Long ago when we first evaluated Klondike’s belly we noticed the PTU was left rather exposed. Since the independent suspension often means the best ground clearance is right down the middle of the vehicle, the PTU’s location there meant we needed some protection on it for when we attempt straddling rocks and logs.
Since the KL Cherokee remains largely unsupported by aftermarket part manufacturers, this means we had to break out the welder and metal and get fabricating. Luckily the PTU has some extra holes on the casting that allow for the mounting. This said, they are not really suited for taking much of a hit so my plan was to try to keep the skid as tight as possible on the PTU (touching) so the PTU itself still handles the weight of the vehicle, but the steel protects the soft aluminum from the abrasion of impacts.
Here are a few shots of the mounting holes I would be using. As luck would have it a 5/16″ bolt works perfectly in these holes.
A few of these hole location uses were fairly straight forward. The trickiest by far to use wad the two staggered ones on the front of the PTU. I knew all along it would mean making some sort of tab and drilling and tapping some threads for the bolt but just decided to wing it and start with bending up the main skid.
I honestly thought this part of the job (bending of the main skid) would be pretty easy, but it took FAR more time than I had anticipated. It seemed as simple as the idea of this skid was, the practice of making it was far more involved. I had anticipated a few hours for this project but it took the better part of the day. The bigger bummer to this is I had hoped to be able to take notes to share with others and maybe even make a few at one time, but this just wasn’t practical.
So, after a bunch of bending, tweaking, grinding, and welding, I had the bulk of the skid made up. The main lower skid is 3/16″ plate, the locker actuator and connector is protected by some slightly lighter material but I was working with what I had in the shop.

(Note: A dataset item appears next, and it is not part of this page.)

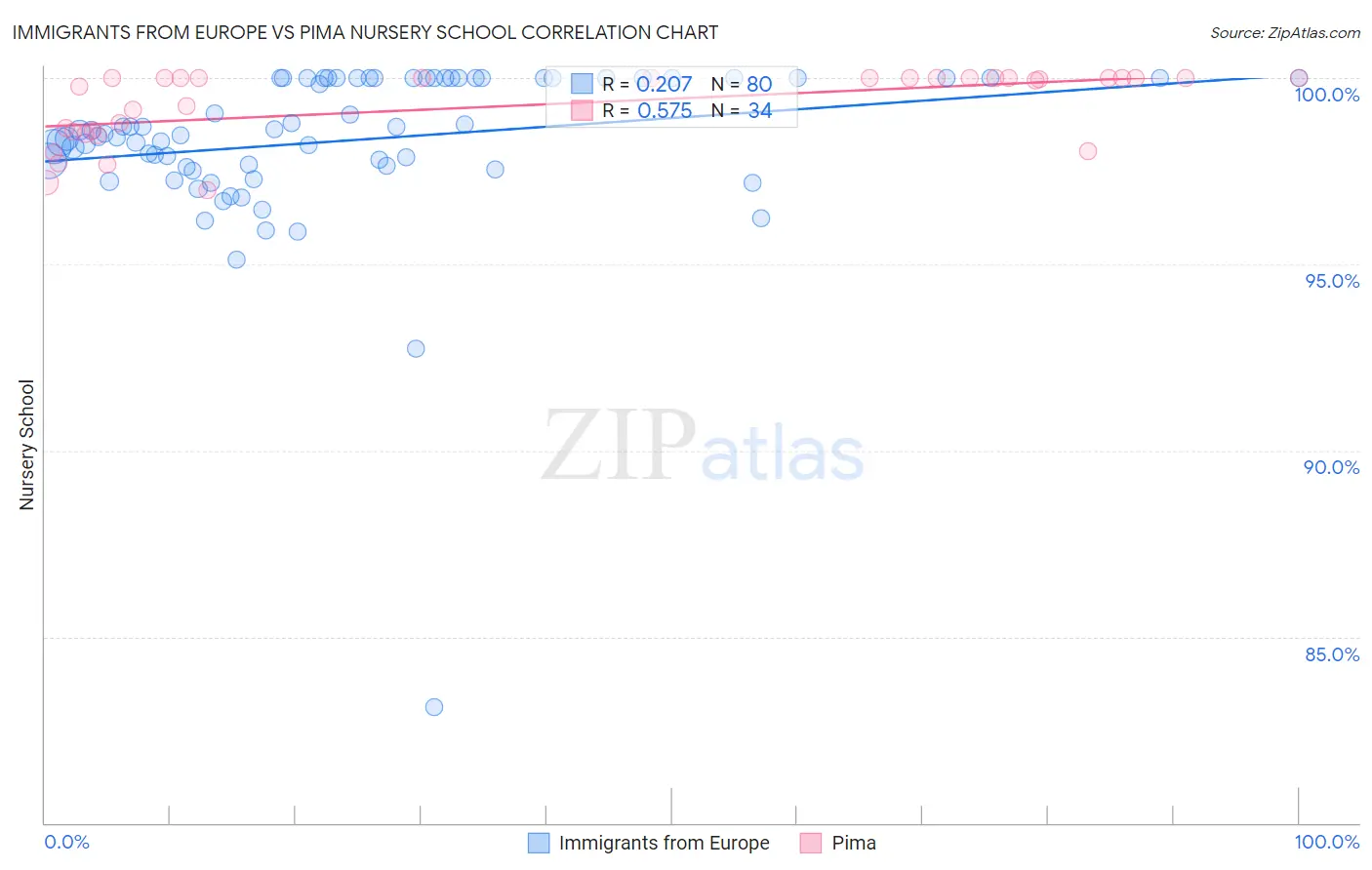 Immigrants from Europe vs Pima Nursery School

I am fairly happy with how it turned out. I did end up adding another piece to the driver side after these pictures, but this is pretty much it all fabbed up.
The front mounting did prove to be the most cantankerous. I was able to weld a nut to the plate for one mounting hole location, but the other did need a fancy little tab.
This is the side where I added the additional side skirt. The plate I used was barely wide enough and I wanted just a bit more coverage.
After I added this piece, it was time for some paint. I’ve had a can of hammered silver in the shop for some time. It’s the paint we used on the cage we had in Lil-Punkin’ (our 2-dr JK). I can’t see a need for it and, since this paint is more about rust protection than anything else, it seemed like a good time to make use of this paint.
There you have it… All painted up and mounted hopefully it will do the job!
I know some other KL Cherokee owners that are likely looking for more coverage. I can even see where this looks like I haven’t added much but in reality, the other bits are fairly hard to get to. I’m not saying it’s impossible, but if something is in there, we have other issues and it’s time to break out the recovery gear and Maxtrax.
As I mentioned, I had hoped to make a few of these and/or provide drawings, but once I set out making this it turned into more of a one-off project. Even if I had been able to do this, I’m not sure the hole locations are good enough to rely on.